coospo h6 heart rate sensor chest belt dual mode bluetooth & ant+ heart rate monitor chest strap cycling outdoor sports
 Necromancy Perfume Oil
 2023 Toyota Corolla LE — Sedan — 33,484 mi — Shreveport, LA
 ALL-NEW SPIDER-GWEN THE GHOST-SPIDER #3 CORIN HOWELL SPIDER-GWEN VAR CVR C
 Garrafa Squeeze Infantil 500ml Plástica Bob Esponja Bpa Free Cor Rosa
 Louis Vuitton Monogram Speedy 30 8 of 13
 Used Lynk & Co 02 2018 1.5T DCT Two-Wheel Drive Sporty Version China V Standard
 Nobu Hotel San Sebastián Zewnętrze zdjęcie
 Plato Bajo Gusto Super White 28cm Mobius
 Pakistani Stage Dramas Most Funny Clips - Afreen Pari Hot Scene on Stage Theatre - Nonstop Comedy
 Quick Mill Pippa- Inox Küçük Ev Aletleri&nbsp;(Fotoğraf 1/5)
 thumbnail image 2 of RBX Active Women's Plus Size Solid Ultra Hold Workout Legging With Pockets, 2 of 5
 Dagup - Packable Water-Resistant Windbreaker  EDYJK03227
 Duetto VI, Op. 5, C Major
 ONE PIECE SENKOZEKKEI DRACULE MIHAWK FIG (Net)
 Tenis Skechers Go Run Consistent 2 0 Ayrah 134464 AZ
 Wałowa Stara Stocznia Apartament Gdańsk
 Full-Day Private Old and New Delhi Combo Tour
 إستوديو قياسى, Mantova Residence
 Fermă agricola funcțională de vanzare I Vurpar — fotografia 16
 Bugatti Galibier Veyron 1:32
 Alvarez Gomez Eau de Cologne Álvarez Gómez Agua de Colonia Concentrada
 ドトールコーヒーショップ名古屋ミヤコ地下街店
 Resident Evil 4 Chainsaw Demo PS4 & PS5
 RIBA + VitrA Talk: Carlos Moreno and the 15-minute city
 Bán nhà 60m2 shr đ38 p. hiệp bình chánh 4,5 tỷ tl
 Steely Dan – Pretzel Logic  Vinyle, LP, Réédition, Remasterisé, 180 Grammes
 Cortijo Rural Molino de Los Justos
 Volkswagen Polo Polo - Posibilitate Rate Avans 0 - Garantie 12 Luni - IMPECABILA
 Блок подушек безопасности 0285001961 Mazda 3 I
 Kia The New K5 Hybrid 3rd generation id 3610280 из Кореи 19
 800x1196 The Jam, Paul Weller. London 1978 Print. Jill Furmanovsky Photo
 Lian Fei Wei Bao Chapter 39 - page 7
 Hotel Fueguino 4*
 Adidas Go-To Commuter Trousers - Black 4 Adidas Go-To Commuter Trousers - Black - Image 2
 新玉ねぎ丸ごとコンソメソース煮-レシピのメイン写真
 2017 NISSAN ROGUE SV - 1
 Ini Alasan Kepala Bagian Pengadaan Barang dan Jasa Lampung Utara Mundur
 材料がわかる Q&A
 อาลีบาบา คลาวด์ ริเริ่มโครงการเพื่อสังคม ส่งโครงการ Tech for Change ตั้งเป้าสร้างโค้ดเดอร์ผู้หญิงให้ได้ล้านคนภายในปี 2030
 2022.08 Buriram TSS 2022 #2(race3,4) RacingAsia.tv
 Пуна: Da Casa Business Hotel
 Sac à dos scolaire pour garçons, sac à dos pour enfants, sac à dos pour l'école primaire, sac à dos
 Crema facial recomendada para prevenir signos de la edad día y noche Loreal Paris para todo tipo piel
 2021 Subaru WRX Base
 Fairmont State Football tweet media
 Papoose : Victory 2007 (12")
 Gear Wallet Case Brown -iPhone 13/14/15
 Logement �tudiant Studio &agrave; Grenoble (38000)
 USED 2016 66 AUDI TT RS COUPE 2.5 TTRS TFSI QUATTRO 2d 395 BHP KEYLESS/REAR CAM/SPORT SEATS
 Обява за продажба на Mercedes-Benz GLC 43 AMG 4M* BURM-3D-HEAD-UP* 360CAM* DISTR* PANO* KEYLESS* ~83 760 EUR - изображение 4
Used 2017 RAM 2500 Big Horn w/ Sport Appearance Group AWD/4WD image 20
___
Task brief: Which lines in the records above contain the string "Hotel"? Copy each one.

Task response:
 Nobu Hotel San Sebastián Zewnętrze zdjęcie
 Hotel Fueguino 4*
 Пуна: Da Casa Business Hotel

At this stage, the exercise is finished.